How we cite our quotes: (Chapter.Paragraph)
Quote #4
He thought of the Bowie girl—no, McDougall, her name was McDougall now—saying in her breathy little voice that she had hit her baby and when he asked how often, he could sense (could almost hear) the wheels turning in her mind, making a dozen times five, or a hundred a dozen. Sad excuse for a human being. (6.295)
Again, Sandy McDougall has an evil secret, which according to the novel makes her a sad excuse for a human being. And soon she'll literally be a sad excuse for a human being… in that she'll be a vampire. So everything works out on a symbolic level.
Quote #5
"Matt, do you know what's going to happen to you if you even let out a whisper of what you've told me?" (8.115)

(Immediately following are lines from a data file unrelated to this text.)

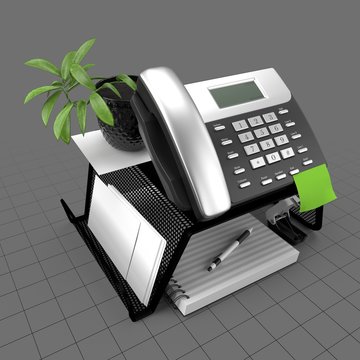 Mesh phone stand with office items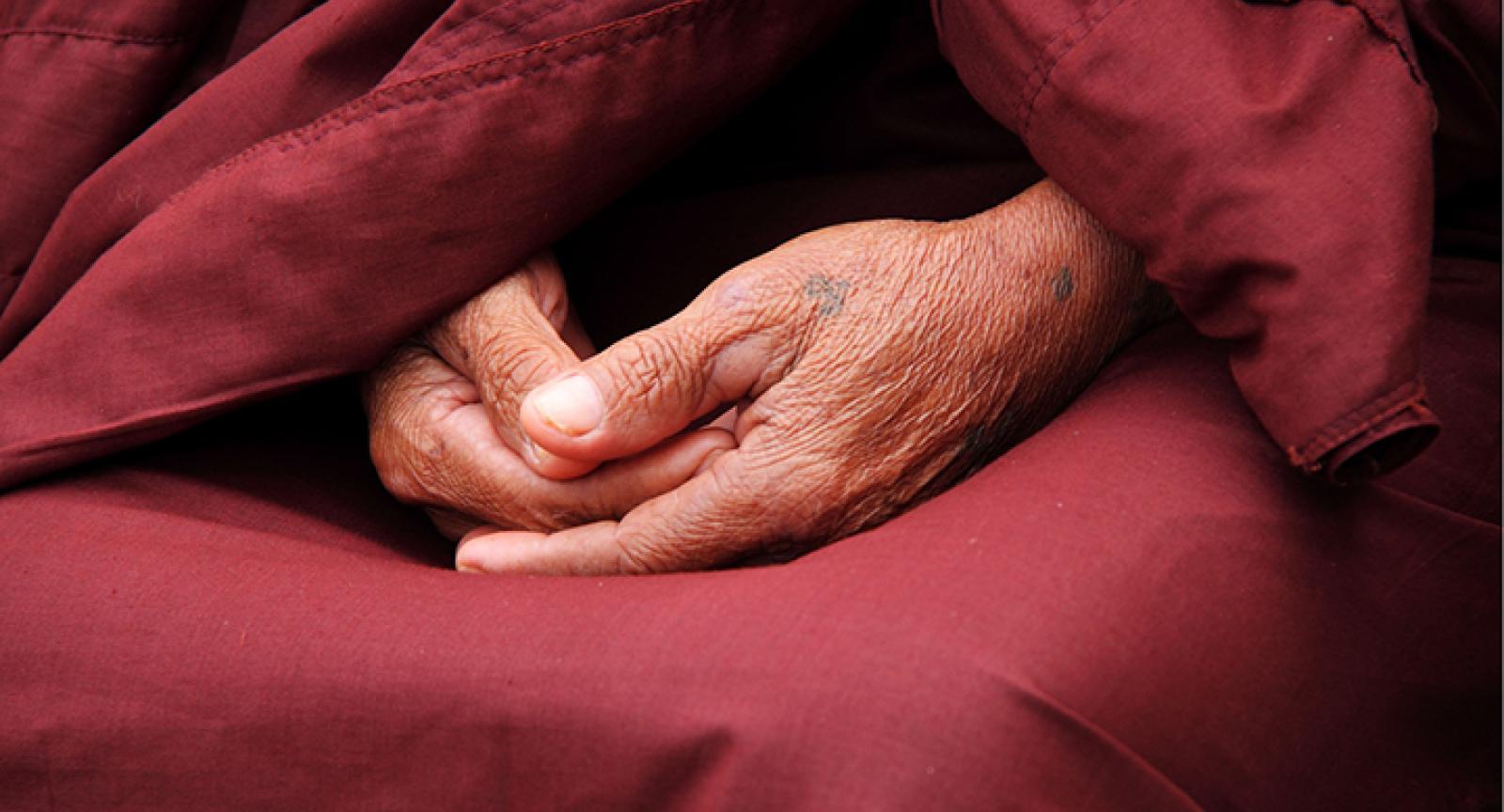 Image of a monk’s hand joined in their lap with the red robes behind them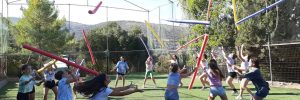 Campers playing with pool noodles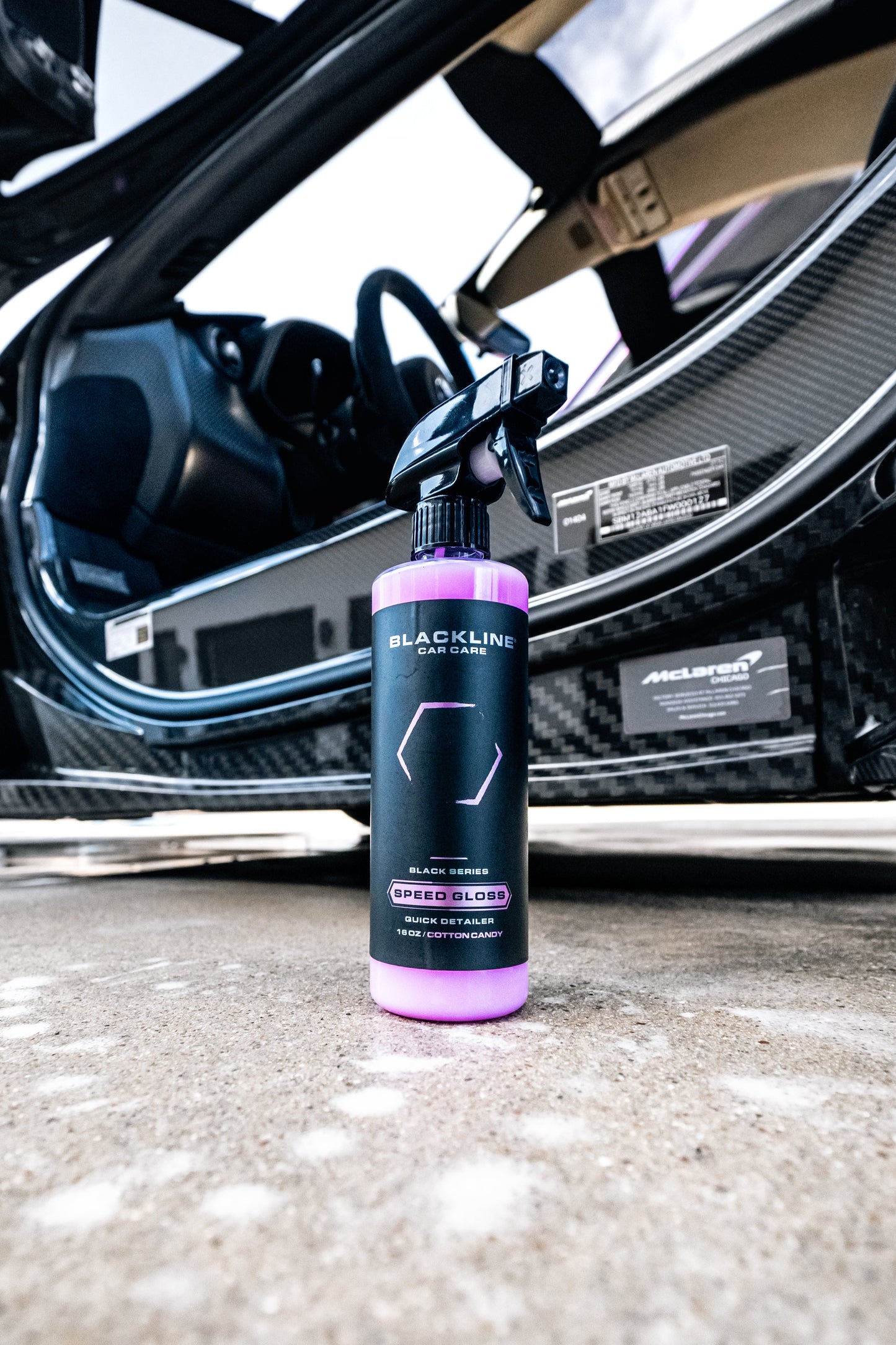 BLACKLINE Speed Gloss Quick Detailer spray bottle, purple bottle, in front of a car interior on Tampa Home & Garden Store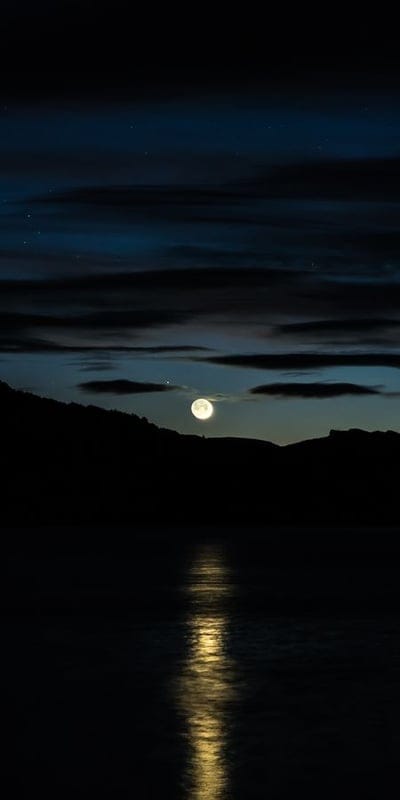 Moon, night, lake, reflection, serene, full moon, calm water, peaceful, landscape, nature, dark sky, clouds, moonlight, tranquil, outdoors, evening, quiet, beautiful, atmospheric, nocturnal.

Ben is telling Matt he needs to lie to the authorities or people will think he's insane. The vampire hunters actually end up telling a lot of whoppers to keep the police off their backs. It's almost like they're in cahoots with the vampires, helping them hide so that the plot can rush along.
Quote #6
… George Middler had a suitcase full of silk slips and bras and panties and stockings and that he sometimes pulls down the shades of his apartment over the hardware store and locks the door with both the bolt and the chain and then… he falls to his knees and masturbates. (10.10)
Vampires often symbolize lust (see "Themes: Lust"), and so many of the secrets in this book are sexual secrets. The book says little about George Middler except that he dresses in women's clothing secretly—and later it's suggested that he's a homosexual and a pedophile. Linking homosexuality and cross-dressing to evil, vampires, and pedophilia wanders uncomfortably close to homophobia, though it's worth mentioning that in 1986's It, King explicitly condemns homophobia.